All Products
Search
Document Center

:Window management

Last Updated:Feb 27, 2026

Discover, control, and manage application windows on an AgentBay cloud computer. List open windows, change their state, resize them, and control focus behavior.

All window management methods belong to the Computer Use module, accessed through session.computer. Each method returns a result object with success, error_message, and operation-specific fields.

Workflow

  1. Create a session with a cloud computer desktop environment.

  2. List windows to discover open applications.

  3. Select a target window by title, process name, or window ID.

  4. Control the window -- activate, maximize, minimize, resize, or close it.

  5. Manage focus to prevent other windows from interrupting automation.

Prerequisites

  • An AgentBay session with a desktop environment

import os
from agentbay import AgentBay, CreateSessionParams

api_key = os.getenv("AGENTBAY_API_KEY")
if not api_key:
    raise ValueError("The AGENTBAY_API_KEY environment variable is required")

agent_bay = AgentBay(api_key=api_key)

params = CreateSessionParams(image_id="linux_latest")
result = agent_bay.create(params)

if result.success:
    session = result.session
    print(f"Session created: {session.session_id}")
else:
    print(f"Failed to create session: {result.error_message}")
    exit(1)

List windows

Call list_root_windows() to get all top-level application windows on the desktop. Root windows refer to top-level application windows, not the X11 root window.

Parameters

NameTypeRequiredDefaultDescription
timeout_msintNo3000Timeout in milliseconds.

Returns: WindowListResult

result = session.computer.list_root_windows(timeout_ms=5000)

if result.success:
    windows = result.windows
    print(f"Found {len(windows)} windows")

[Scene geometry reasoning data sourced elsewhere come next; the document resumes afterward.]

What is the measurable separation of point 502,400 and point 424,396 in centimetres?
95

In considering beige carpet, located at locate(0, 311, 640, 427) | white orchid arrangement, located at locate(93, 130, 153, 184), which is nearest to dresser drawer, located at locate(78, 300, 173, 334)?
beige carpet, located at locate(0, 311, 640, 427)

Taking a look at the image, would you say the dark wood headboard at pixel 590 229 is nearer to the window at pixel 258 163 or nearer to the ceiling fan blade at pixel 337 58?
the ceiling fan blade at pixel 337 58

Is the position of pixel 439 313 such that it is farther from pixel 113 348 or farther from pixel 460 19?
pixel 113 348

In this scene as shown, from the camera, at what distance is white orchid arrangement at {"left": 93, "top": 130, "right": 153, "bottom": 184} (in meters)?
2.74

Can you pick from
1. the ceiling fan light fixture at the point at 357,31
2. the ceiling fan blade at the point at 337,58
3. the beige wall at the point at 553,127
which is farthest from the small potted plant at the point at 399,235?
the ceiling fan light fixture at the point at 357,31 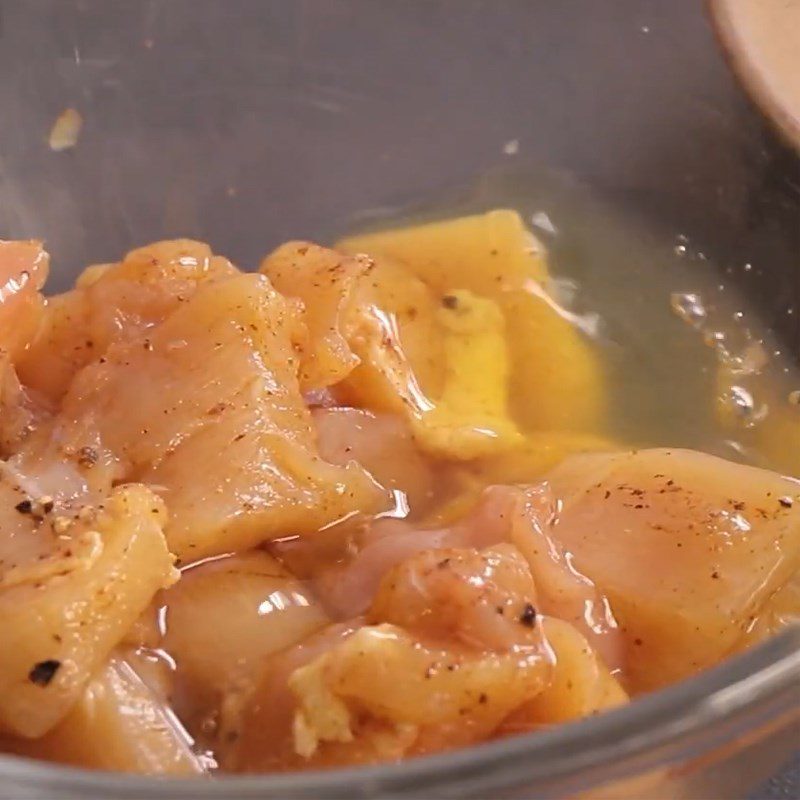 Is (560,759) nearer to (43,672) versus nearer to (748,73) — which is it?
(43,672)

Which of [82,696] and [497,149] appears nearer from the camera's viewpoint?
[82,696]

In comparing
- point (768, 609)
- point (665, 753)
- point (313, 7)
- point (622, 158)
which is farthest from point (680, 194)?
point (665, 753)

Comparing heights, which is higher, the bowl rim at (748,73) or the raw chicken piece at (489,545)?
the bowl rim at (748,73)

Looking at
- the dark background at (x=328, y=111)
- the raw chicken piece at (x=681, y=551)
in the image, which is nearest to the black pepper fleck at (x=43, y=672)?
the raw chicken piece at (x=681, y=551)

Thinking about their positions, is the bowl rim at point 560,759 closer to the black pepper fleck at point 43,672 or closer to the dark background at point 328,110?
the black pepper fleck at point 43,672

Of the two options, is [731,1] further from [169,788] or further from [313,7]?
[169,788]

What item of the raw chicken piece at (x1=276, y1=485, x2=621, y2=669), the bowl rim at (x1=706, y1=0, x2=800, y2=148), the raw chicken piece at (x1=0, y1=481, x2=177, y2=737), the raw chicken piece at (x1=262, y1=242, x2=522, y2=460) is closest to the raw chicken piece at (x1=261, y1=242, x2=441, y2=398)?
the raw chicken piece at (x1=262, y1=242, x2=522, y2=460)

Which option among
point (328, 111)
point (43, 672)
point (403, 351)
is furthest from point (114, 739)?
point (328, 111) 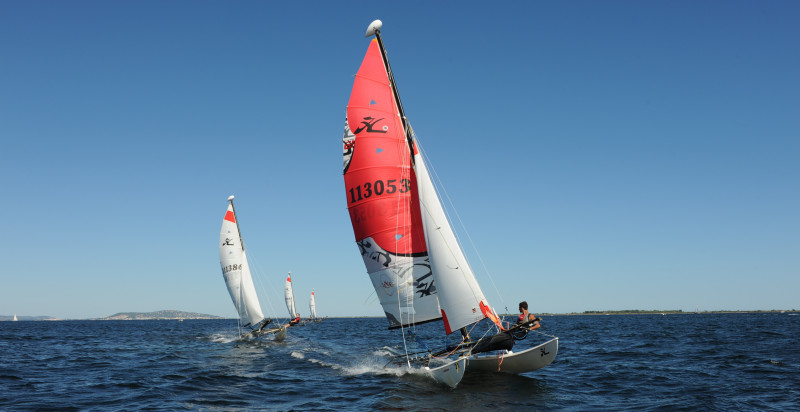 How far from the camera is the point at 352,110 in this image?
717 inches

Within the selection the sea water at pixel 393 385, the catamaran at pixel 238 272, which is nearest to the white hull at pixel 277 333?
the catamaran at pixel 238 272

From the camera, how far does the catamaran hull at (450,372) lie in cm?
1603

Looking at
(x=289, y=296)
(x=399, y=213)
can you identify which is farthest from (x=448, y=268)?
(x=289, y=296)

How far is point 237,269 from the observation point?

    for window in windows:
        print(f"Title: {window.title}")
        print(f"Window ID: {window.window_id}")
        print(f"Process: {window.pname if window.pname else 'N/A'}")
        print(f"PID: {window.pid if window.pid else 'N/A'}")
        print(f"Position: ({window.absolute_upper_left_x}, {window.absolute_upper_left_y})")
        print(f"Size: {window.width}x{window.height}")
        print(f"Child windows: {len(window.child_windows)}")
        print("---")
else:
    print(f"Error listing windows: {result.error_message}")

Window object attributes

AttributeTypeDescription
window_idintUnique identifier of the window.
titlestrWindow title or description text.
absolute_upper_left_xOptional[int]X-coordinate of the upper-left corner.
absolute_upper_left_yOptional[int]Y-coordinate of the upper-left corner.
widthOptional[int]Window width in pixels.
heightOptional[int]Window height in pixels.
pidOptional[int]Process ID of the window owner.
pnameOptional[str]Process name of the window owner.
child_windowsList[Window]Child windows nested under this window.

Control window state

All window control methods take a window_id parameter (int) and return a BoolResult. Get the window_id from list_root_windows() first:

result = session.computer.list_root_windows()
if result.success and result.windows:
    window_id = result.windows[0].window_id

Activate a window

Bring a window to the foreground and give it input focus.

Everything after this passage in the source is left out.